As características do trabalho numa sociedade em transição possuem traços típicos das

redes como principal fator de mudanças94

. Estas características, já mencionadas indiretamente

nas tendências, convergem na reconfiguração de todo o tecido social. Conforme a

consideração apresentada por Castells (1999a, p.223):

O processo de trabalho situa-se no cerne da estrutura social. A transformação

tecnológica e administrativa do trabalho e das relações produtivas dentro e em torno

da empresa emergente em rede é o principal instrumento por meio do qual o

paradigma informacional e o processo de globalização afeta a sociedade em geral.

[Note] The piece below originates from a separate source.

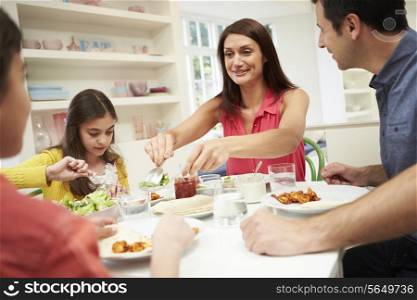 Hispanic Family Sitting At Table Eating Meal Together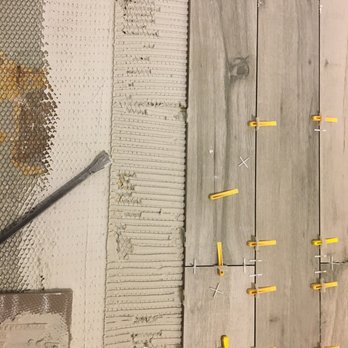 Blue Lake Enterprises - Tile was not pressed down to ensure proper mortar coverage. - General Contractors Near Me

As mudanças acontecem na diminuição do emprego rural, industrial tradicional e na

flexibilidade das relações de trabalho. De outro lado, cresce o emprego no setor de serviços,

ou seja, diminui-se a produção de bens, para aumentar a produção de serviços. Os setores de

maior relevância situam-se nos serviços sociais, administrativos, técnicos especializados,

vendas, estabilidade no varejo, informação e produção de conhecimentos. Espera-se maior

nível de especialização na nova conjuntura mundial.

Dificuldades para os trabalhadores na nova organização mundial do trabalho

As características da nova relação de trabalho indicam dificuldades para a maioria dos

trabalhadores ainda não capacitados para corresponder às novas exigências do mercado.

Aumenta-se o desemprego e cresce a pobreza entre a maioria da população. Até alcançarmos

o patamar de qualificação no emprego, defrontamo-nos com muitos problemas sociais. Para

tentar solucioná-los, cabe refletirmos sobre algumas lacunas dessa nova organização do

trabalho.

O capitalismo, nas últimas duas décadas, exerce hegemonia mundial pelo fato de

globalizar a economia. Faltou-lhe globalizar o trabalho. Sem trabalho, o próprio sistema

vacila. Como tratamos de sistema integrado em redes, romper qualquer nó fragiliza a malha,

põe em risco o funcionamento do conjunto95

.

94 CASTELLS, 1999a, p.250. 95 CASTELLS, 1999a, p.254.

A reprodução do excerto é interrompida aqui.